No, I am not really surprised. Being elected on the fourth round of balloting is within the normal range.
What do you make of the election of Cardinal Robert Francis Prevost as the new pope? As the first American pope?
On a panel at St. Thomas More two days ago, which was dedicated to the coming conclave, I said in front of a rather large audience that I would be truly shocked if the cardinals elected a person from the United States! Conventional wisdom, after all, always had it that leadership of the Roman Catholic Church would come from somewhere other than a reigning superpower. Has this conventional wisdom been proven wrong? Yes and no. In a sense, one might say that the cardinals actually went with another Pope from the Americas rather than the U.S. Certainly, Pope Leo XIV is U.S.-born, but he also holds Peruvian citizenship, which he chose after ministering in Peru for many years. He is fluent in both English and Spanish, with a very obvious love for the Peruvian faithful he served before Pope Francis called him to Rome.

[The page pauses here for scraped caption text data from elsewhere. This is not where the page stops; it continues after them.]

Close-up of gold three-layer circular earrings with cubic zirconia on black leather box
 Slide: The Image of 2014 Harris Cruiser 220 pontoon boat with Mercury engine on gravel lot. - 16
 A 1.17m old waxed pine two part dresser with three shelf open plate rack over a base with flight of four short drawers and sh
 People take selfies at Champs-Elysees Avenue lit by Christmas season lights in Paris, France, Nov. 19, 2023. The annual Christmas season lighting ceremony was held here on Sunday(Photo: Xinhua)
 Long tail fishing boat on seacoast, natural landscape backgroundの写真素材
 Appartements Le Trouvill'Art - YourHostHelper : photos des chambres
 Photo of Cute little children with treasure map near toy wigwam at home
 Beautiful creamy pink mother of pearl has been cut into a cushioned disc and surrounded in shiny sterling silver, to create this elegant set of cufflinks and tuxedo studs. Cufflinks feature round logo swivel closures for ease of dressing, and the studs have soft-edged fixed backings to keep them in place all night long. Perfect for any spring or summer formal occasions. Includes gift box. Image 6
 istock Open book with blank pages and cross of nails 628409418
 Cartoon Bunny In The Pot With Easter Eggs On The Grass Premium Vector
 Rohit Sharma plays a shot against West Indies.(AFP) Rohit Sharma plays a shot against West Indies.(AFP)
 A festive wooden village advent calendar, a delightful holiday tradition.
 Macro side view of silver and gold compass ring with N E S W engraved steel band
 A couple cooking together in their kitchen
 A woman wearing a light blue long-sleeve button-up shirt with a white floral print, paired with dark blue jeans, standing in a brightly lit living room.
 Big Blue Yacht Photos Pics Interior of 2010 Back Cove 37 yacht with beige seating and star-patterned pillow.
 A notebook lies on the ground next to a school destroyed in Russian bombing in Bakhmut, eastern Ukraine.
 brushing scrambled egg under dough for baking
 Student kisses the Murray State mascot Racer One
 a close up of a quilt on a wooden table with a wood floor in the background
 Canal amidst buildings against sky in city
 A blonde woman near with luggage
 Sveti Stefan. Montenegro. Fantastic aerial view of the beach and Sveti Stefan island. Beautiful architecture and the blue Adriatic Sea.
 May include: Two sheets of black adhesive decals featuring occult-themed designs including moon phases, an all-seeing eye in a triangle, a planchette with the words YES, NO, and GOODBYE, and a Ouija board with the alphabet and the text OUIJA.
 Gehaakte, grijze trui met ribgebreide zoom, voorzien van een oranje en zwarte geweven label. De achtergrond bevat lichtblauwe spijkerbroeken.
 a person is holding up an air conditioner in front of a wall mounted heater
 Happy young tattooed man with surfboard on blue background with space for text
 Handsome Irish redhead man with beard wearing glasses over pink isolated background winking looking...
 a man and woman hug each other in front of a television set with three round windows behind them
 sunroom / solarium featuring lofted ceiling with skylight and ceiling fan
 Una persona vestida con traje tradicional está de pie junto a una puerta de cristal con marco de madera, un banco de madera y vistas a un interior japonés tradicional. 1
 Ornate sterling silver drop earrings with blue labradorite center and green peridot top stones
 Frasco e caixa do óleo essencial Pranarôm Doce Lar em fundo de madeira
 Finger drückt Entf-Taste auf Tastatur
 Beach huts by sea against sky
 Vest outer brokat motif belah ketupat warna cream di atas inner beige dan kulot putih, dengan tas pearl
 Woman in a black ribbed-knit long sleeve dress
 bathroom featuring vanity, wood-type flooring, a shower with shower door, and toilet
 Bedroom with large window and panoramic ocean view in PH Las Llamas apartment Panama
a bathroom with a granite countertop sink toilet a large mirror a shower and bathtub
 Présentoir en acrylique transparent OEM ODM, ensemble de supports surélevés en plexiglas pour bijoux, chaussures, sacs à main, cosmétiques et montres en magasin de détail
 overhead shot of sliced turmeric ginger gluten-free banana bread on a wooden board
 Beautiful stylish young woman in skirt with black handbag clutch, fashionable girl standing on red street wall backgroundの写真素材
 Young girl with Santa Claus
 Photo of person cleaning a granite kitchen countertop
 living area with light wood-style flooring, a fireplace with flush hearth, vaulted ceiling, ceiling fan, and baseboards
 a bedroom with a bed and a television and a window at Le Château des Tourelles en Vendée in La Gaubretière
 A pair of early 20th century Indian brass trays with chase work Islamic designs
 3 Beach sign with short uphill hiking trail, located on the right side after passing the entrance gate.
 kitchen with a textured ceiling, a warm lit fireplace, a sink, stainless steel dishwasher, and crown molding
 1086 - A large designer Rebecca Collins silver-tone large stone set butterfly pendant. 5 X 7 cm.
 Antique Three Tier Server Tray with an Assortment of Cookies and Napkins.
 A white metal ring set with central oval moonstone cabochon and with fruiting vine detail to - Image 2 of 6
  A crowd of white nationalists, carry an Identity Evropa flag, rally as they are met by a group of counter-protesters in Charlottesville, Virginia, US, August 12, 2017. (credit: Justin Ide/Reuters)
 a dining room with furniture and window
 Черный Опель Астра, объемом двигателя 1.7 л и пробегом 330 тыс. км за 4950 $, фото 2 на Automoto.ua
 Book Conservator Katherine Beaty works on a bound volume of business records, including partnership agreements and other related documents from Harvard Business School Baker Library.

Do you read a message in his election and, if so, what is it?
In my quick, first reading, Pope Leo XIV is a centrist choice. His name suggests as much: he did not want to be named Pope Francis II, nor Benedict XVII, and certainly not Pius XIII. But trying to ponder more deeply the choice the Cardinals made today, I wonder whether the election of a U.S.-born Pope who is Peruvian and so very clearly situates himself within the Americas (even addressing his beloved Peruvian parishioners in Spanish in his speech on the balcony of St. Peter’s) does not also send a specific message to the United States. Pope Leo XIV, after all, stressed: “Receive everyone. Welcome everyone. Build bridges.” This echoes words of Pope Francis that were clearly directed at political realities in the United States: “Build bridges not walls.”
So, after my initial shock at this outcome of the conclave, I am willing to consider this election a surprise that might actually offer rays of hope.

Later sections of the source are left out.